Putting aside the fact that social and environmental issues are not going away anytime soon, I’ve never subscribed to the belief that sustainability leaders should work themselves into obsolescence.
As Joel Makower wrote when we published our second set of CSO research in 2014: “When sustainability becomes ‘everyone’s job,’ it’s really no one’s job.” Companies need a sustainability leader at the helm, especially as these issues become more relevant across business and different functions take on ESG-related responsibilities. A sustainability leader is needed to set the vision, establish strategy, ensure accountability, steer the ship, track progress, escalate risks and opportunities and, let’s face it, herd cats.

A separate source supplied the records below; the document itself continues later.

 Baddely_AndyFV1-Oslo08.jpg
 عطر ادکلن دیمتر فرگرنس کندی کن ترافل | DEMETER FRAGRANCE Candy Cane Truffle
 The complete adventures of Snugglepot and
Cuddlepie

Truth 2: A CSO by any other name is still a sustainability leader. Following the launch of Weinreb Group’s first CSO report in 2011, Makower wrote that the responsibility of sustainability lives “anywhere and everywhere” inside the company. “Try asking a roomful of senior sustainability executives from mainstream companies their titles and to whom they report,” he wrote. “You’ll find little consistency.”

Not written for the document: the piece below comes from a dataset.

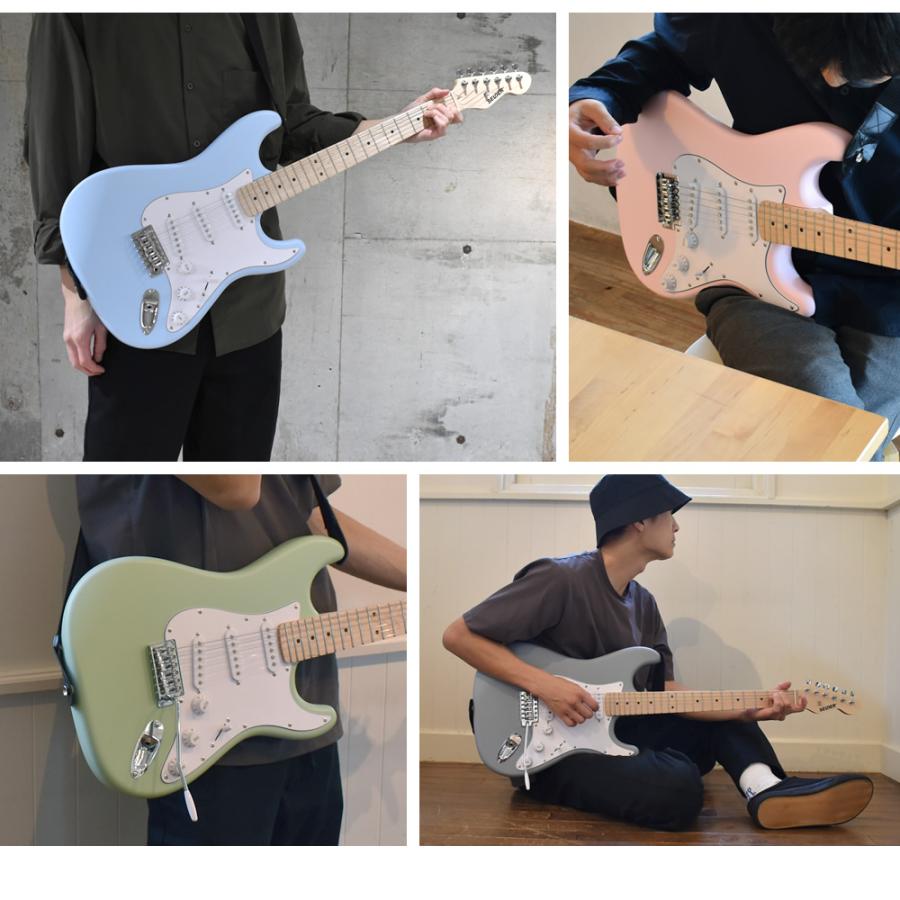 ギター (N 107) Selder 10%off ギター (N 107) Selder 10%off N 107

Not much has changed. While our latest CSO report found that the field has grown by more than 228 percent — from just 29 CSOs in 2011 to 95 in 2021 — two decades in sustainability recruiting has shown me that titles vary dramatically.
10 years ago, the CSO did not have board involvement in their job description. Now they do.
When we started this research 12 years ago, “chief” titles were trendy. Now someone may be colloquially called a “head” or “leader,” while formal titles include Chief Impact Officer, Chief Risk Officer or Chief ESG Officer. Moreover, the leveling for the senior-most sustainability can range from director to VP to SVP to Chief. I have recruited for all of these roles, but regardless of what the company calls the position, per Truth 1, I always work with my clients to make sure that the job description gives this person authority to assume the leadership role.
Truth 3: Sustainability is critical to business leaders — including the board. In Weinreb Group’s latest report on CSOs, published in 2021, we wrote about the growing influence of CSOs within companies: Our research revealed that nearly 70 percent of CSOs meet with their CEO once a month or even once a week.
At the same time, we found that sustainability teams were expanding, with the average team size increasing from five in 2011 to 15 in 2021. We also found CSOs have more influence, particularly with business-critical departments such as finance, legal and investor relations.
What we failed to mention in that 2021 report — but which marks the evolution of the CSO — is that 10 years ago, the CSO did not have board involvement in their job description. Now they do. Many CSOs are managing and facilitating board-level ESG committees.
As I have written before, ESG issues matter to one of the most powerful business stakeholders: investors. A recent Harvard study drove this point home: “Large investors have expressed a strong belief that certain ESG factors can have a material impact on a company’s long-term financial health.” With ESG regulations on the rise, the sustainability function has moved from the periphery to a central and powerful position within business.
And finally, a myth: The CSO is at risk in an economic downturn. While some sustainability positions have been cut during these recessionary times (anecdotally, I have seen this happening in industries such as retail and tech), on the whole, ESG jobs are on the rise.
That’s because ESG jobs that are tied to regulatory and compliance are gaining headcount. Even companies with hiring freezes are getting dispensation for these specialized roles. For those candidates, the labor market is tight, and many are still getting multiple offers. In essence, these roles are recession-proof.
My biggest takeaway from these three truths and a myth? ESG is — and always has been — essential to business. And the market reflects that.